こんにちは。本日は『すべての夜を思いだす』は多摩ニュータウンを舞台に撮影されています。
それは単なる「ロケ地が多摩ニュータウンである」というわけではありません。

監督である清原惟さんは、多摩ニュータウンを舞台にすることを決定後、現地に何度も足を運び、その土地で出版された個人誌などを読み、物語を膨らませていったと言います。

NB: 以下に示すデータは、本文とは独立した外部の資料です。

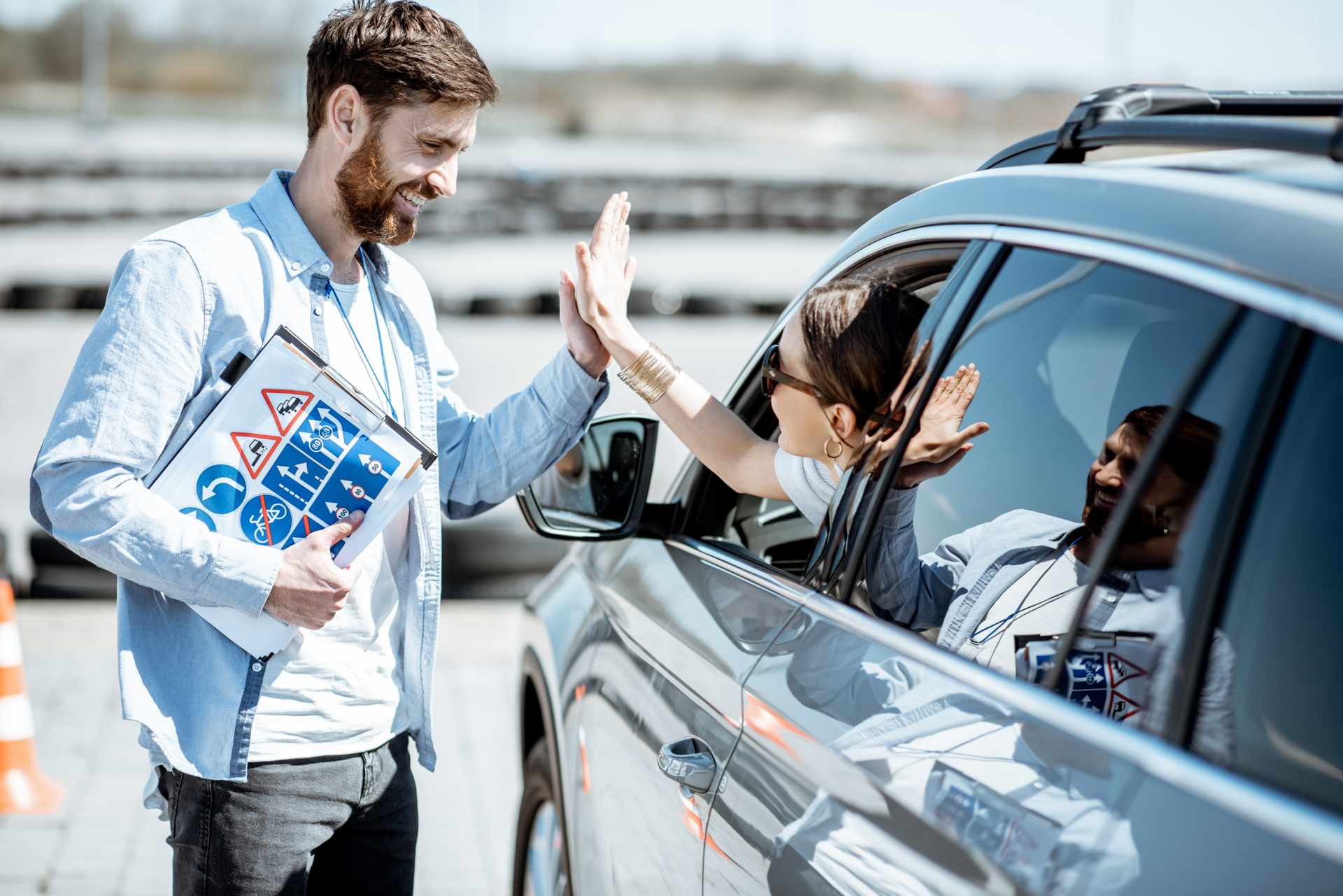 ABC CONDUITE - Formation post-permis, auto-école à Savigny-sur-Orge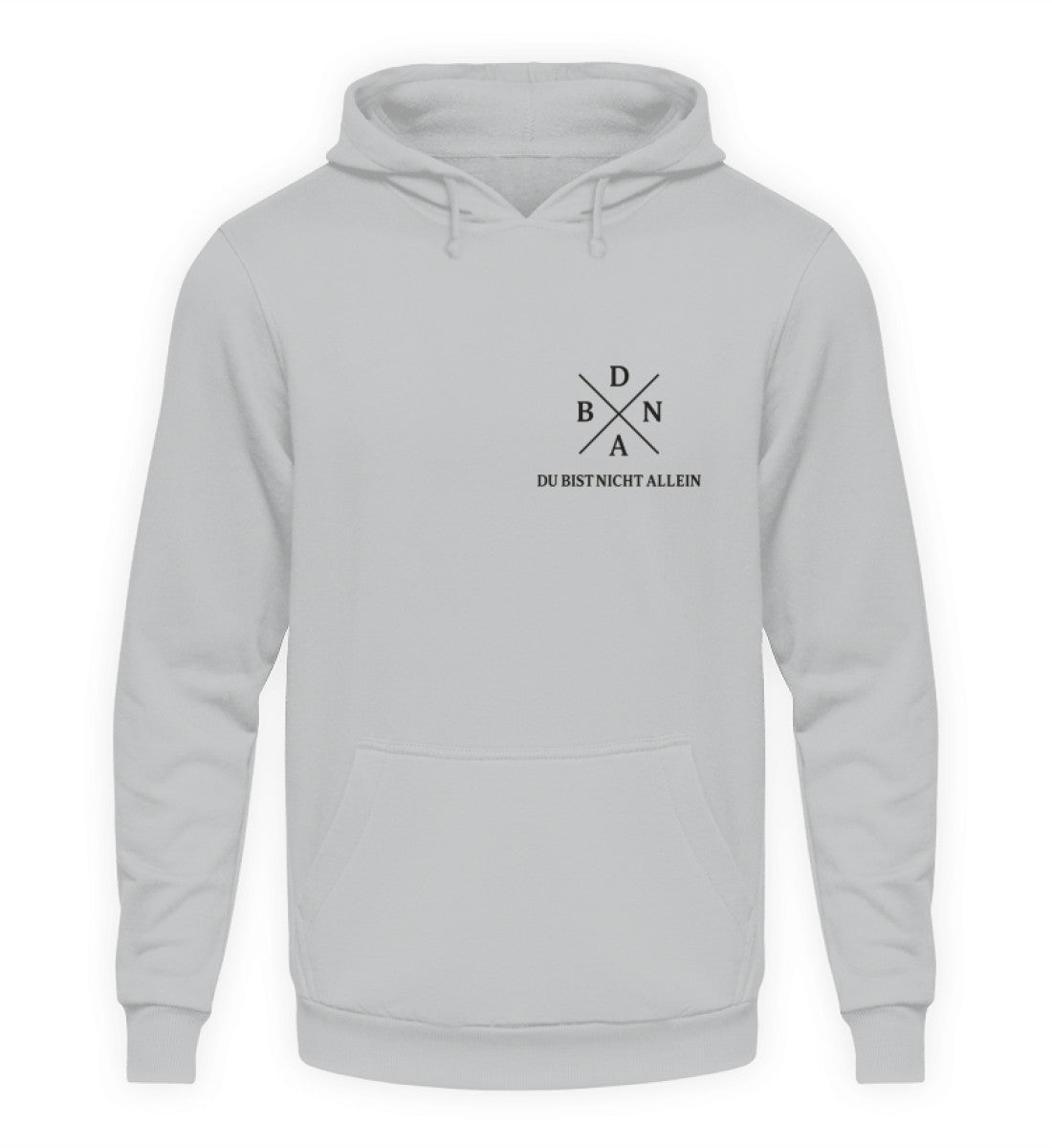 DBNA Unisex Kapuzenpullover Hoodie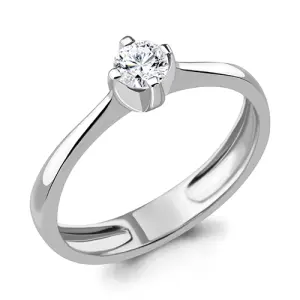 Кольцо Aquamarine золото 961296.2 (Aquamarine, Россия)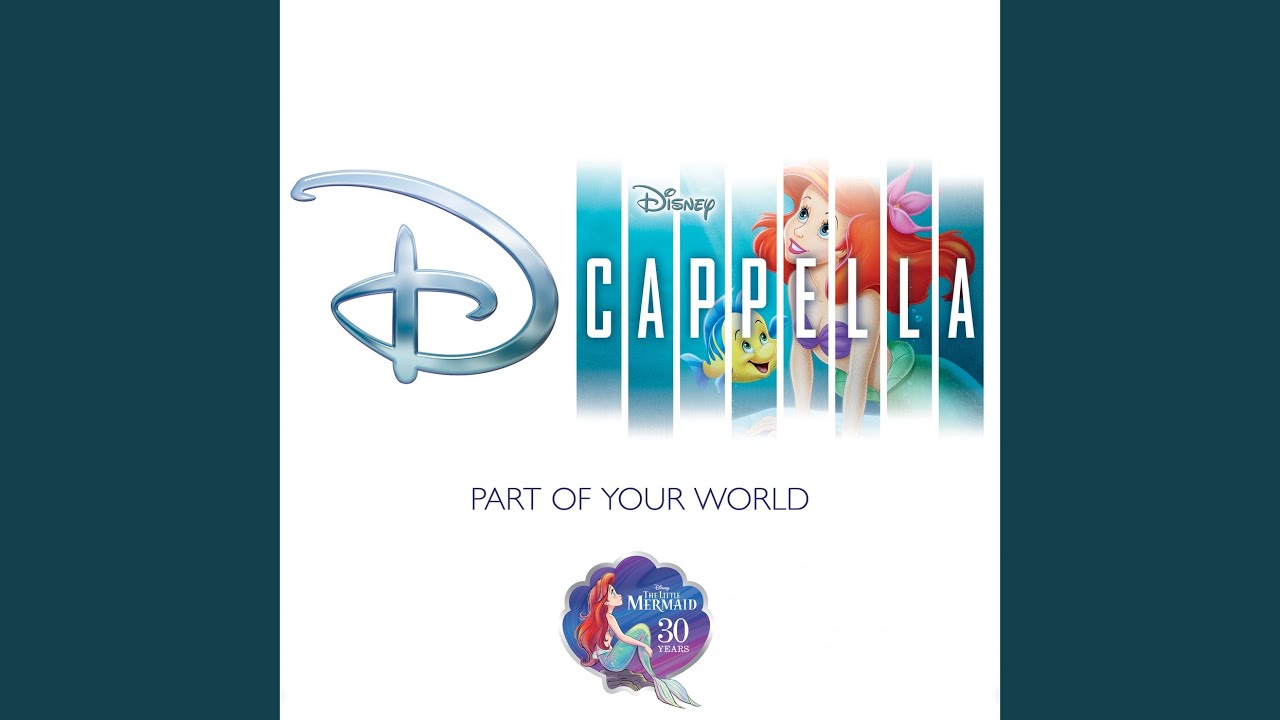 Part of Your World - YouTube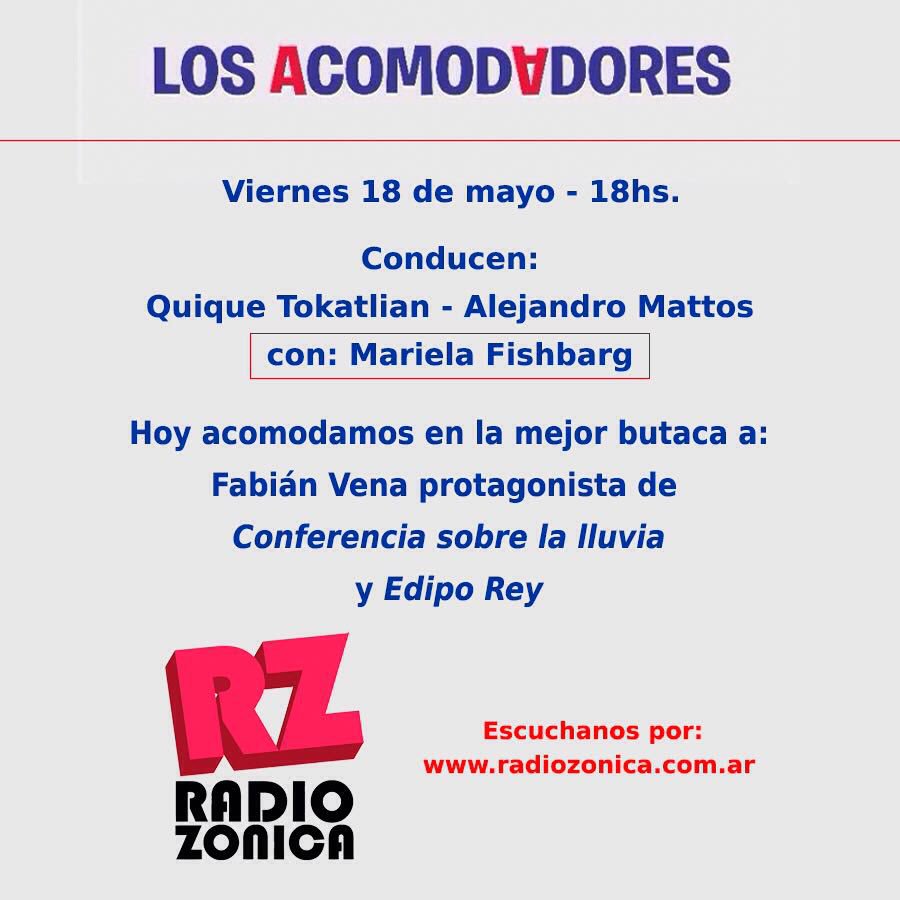 NO TE LO PIERDAS!! <a href="/RADIOZONICA/">#RadioZonica #Zonica➕</a>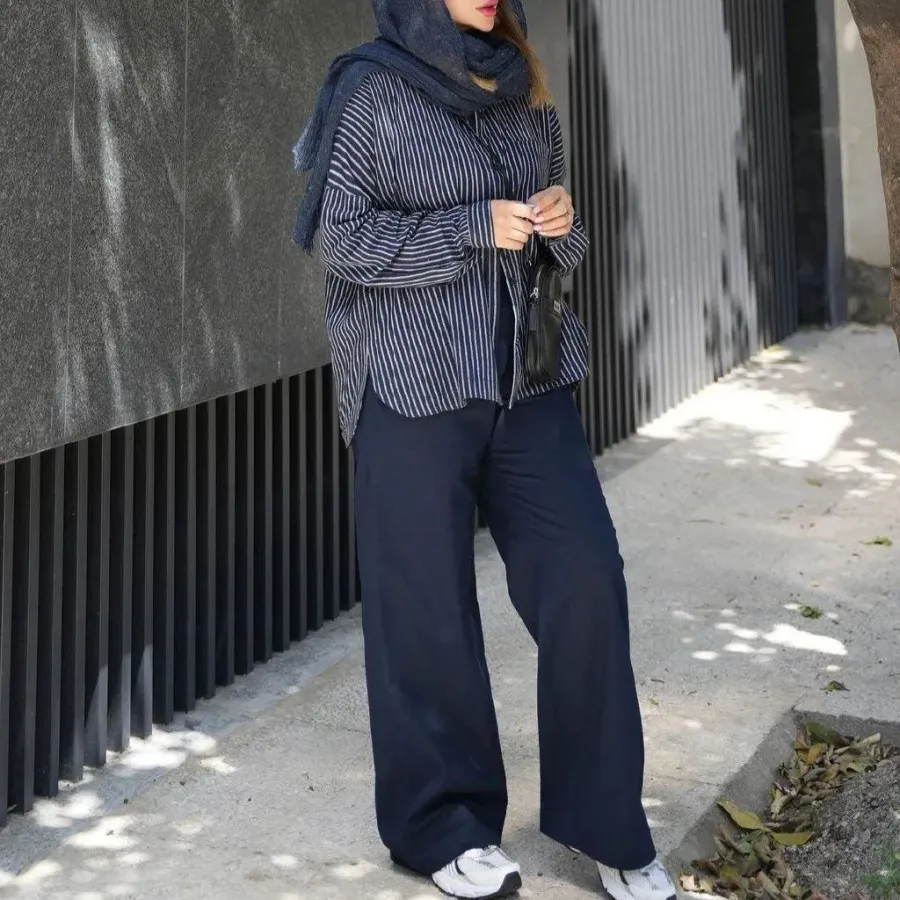 ست شومیز شلوار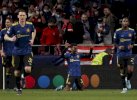 LIGA CHAMPIONS: Atletico vs MU Tuntas 1-1, Elange Penyelamat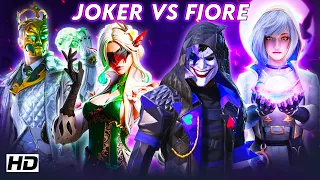 Joker Vs Fiore X Suit In Epic Pubg Showdown | Pubg Movie Short Film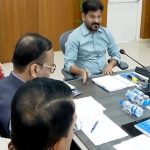 Telangana Railway Projects: తెలంగాణలో రైల్వే ప్రాజెక్టులపై సీఎం రేవంత్ రెడ్డి సమీక్ష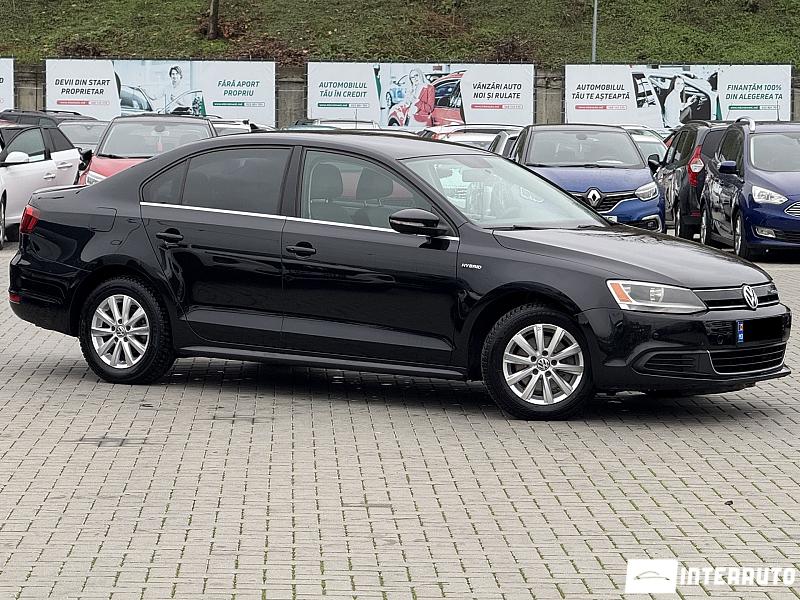 Volkswagen Jetta 2013
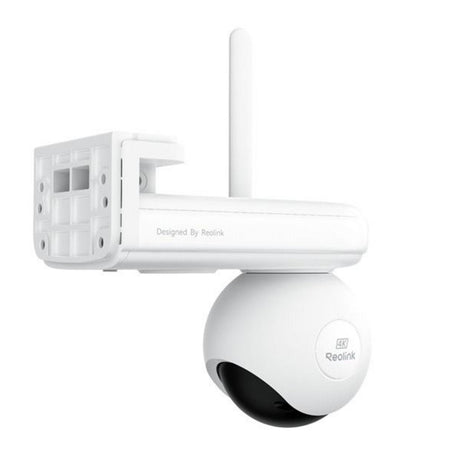 Reolink B660 Wireless 4K Dual Band PT Colorx Kamera (Weiß)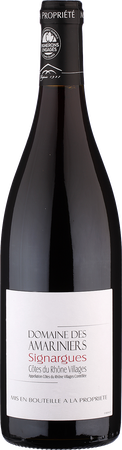 2023 Ctes du Rhne VILLAGES Signargues von Domaine des...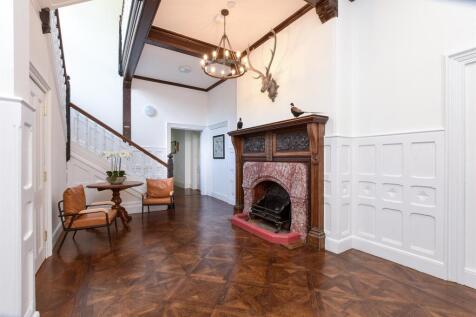 Communal Hallway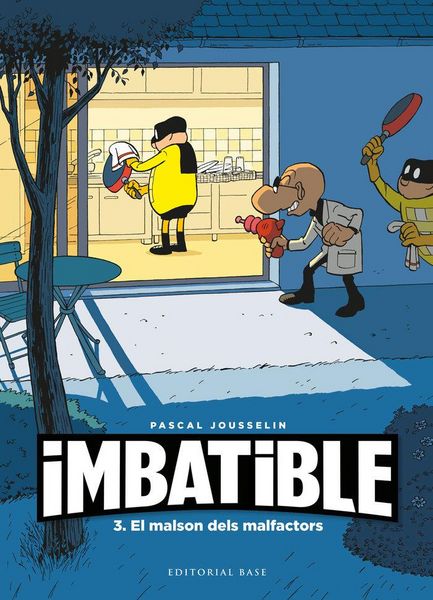 Produktbild: Imbatible 3. El malson dels malfactors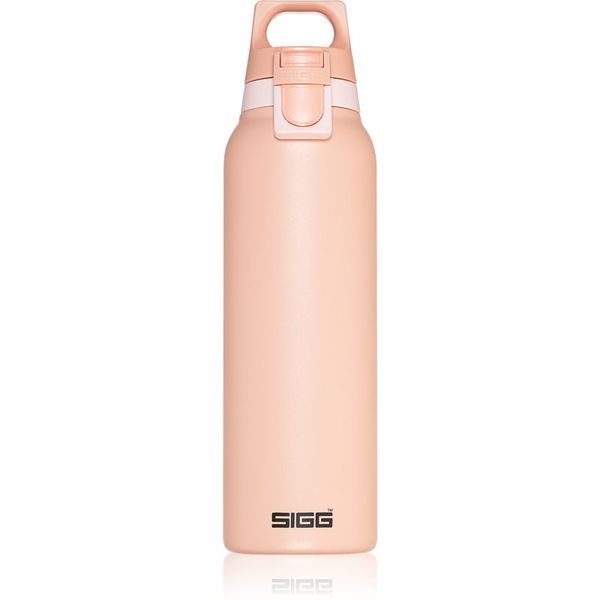 Sigg Sigg Hot & Cold One Light termovka barva Shy Pink 550 ml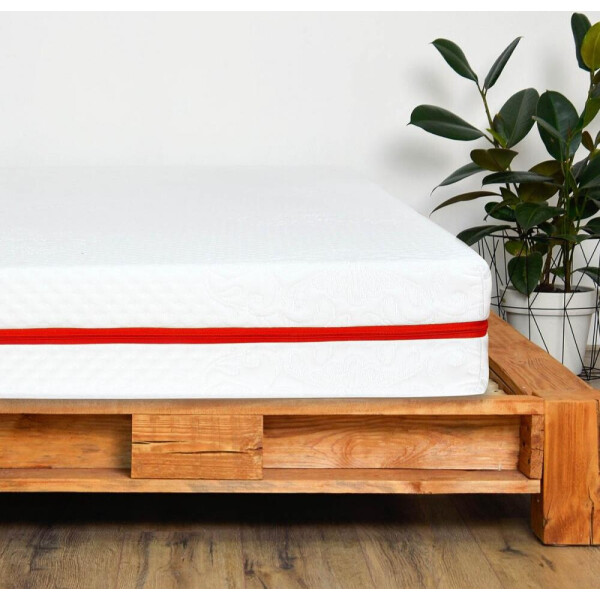 

Матрас беспружинный ортопедический Usleep Candy Red 180x190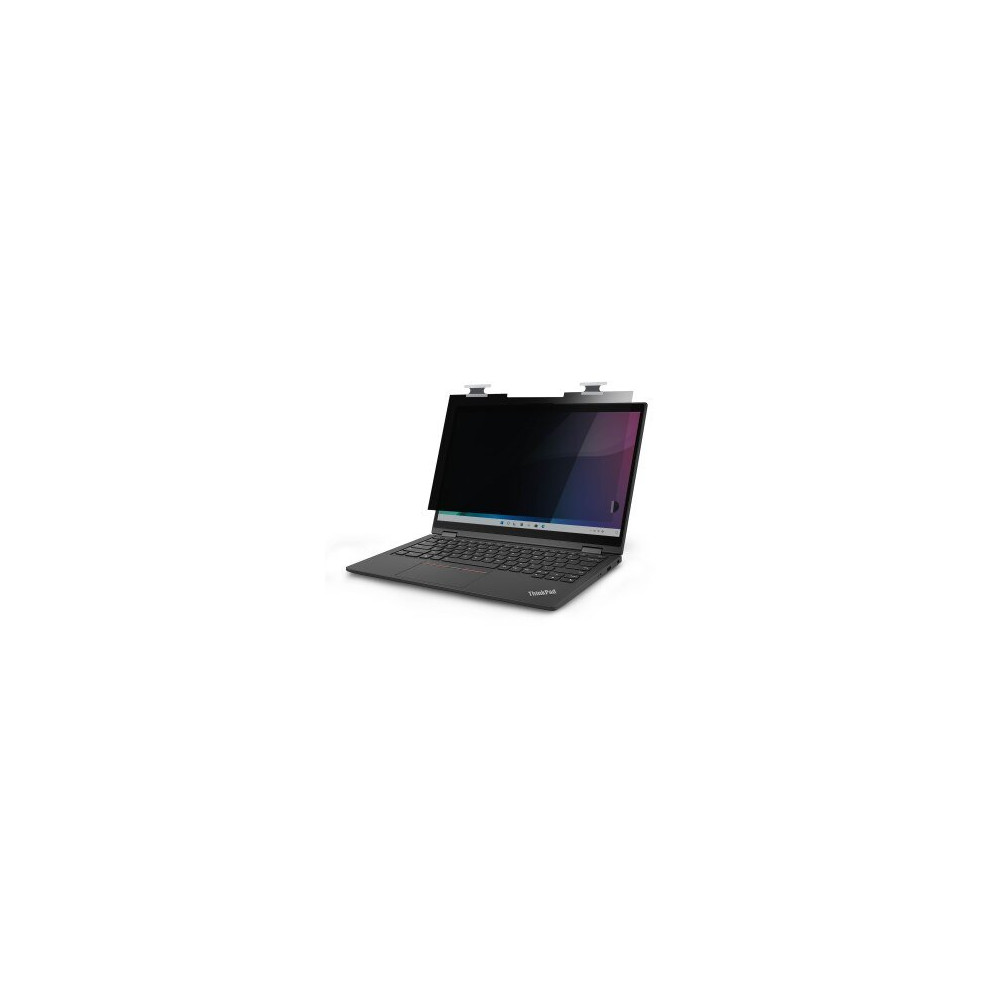StarTech.com Filtro Privacy Luminoso per Lenovo X13 Yoga Gen 4 con Touch, Schermo Privacy Ribaltabile Antiriflesso,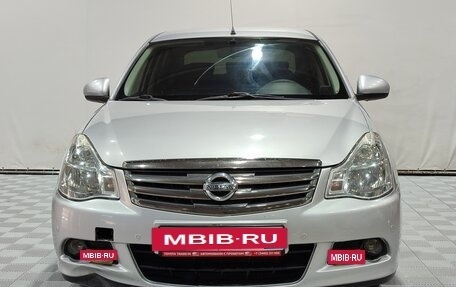 Nissan Almera, 2015 год, 599 000 рублей, 2 фотография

そのことは多摩のタウン誌「もしもしウェブ」様の取材時に明かしています。

リサーチ以前は子どもの頃のノスタルジックなイメージが強かったんです。街並みがセットみたいだなとか。けれど、リサーチを重ねる中で歴史を知り、人と話し、ニュータウンの中で女性がこんなにコミュニティを強くしていた時代があったこと、今よりももっと力強い人間関係があったことを知り、まちの見え方が変わりました。そうした中から今回の映画が生まれました。

紙上 Placemaking
「多摩ニュータウンで撮影した映画『すべての夜を思いだす』、ベルリン映画祭で上映を」
/清原惟さん(映画監督)

取材中に登場する『ニュータウンの女たち』『団地のをんな』という書籍はAmazonでは出てきませんでしたので、多摩の図書館でしか閲覧することのできないもののようです。

近年、1960年代から80年代に建築された「団地」という集合住宅は、ノスタルジーを感じさせるものとしてSNS上でたくさんの人に愛されています。

清原さんは、そういった記号的な「団地」を単純に取り上げるのではなく、現在その土地は如何なるものとなっているのか、人々の記憶といかに結びついているのか、外観的に均質化された集合住宅はいかなる感情や感覚を生み出しているのか、という部分にアプローチしていきます。

そして前作『わたしたちの家』で表現された「空間と記憶」というテーマは、大きく広がり「町と記憶」とよべる作品となっています。ベルリン映画祭、北京国際映画祭で高く評価された本作、ぜひ劇場でご覧ください。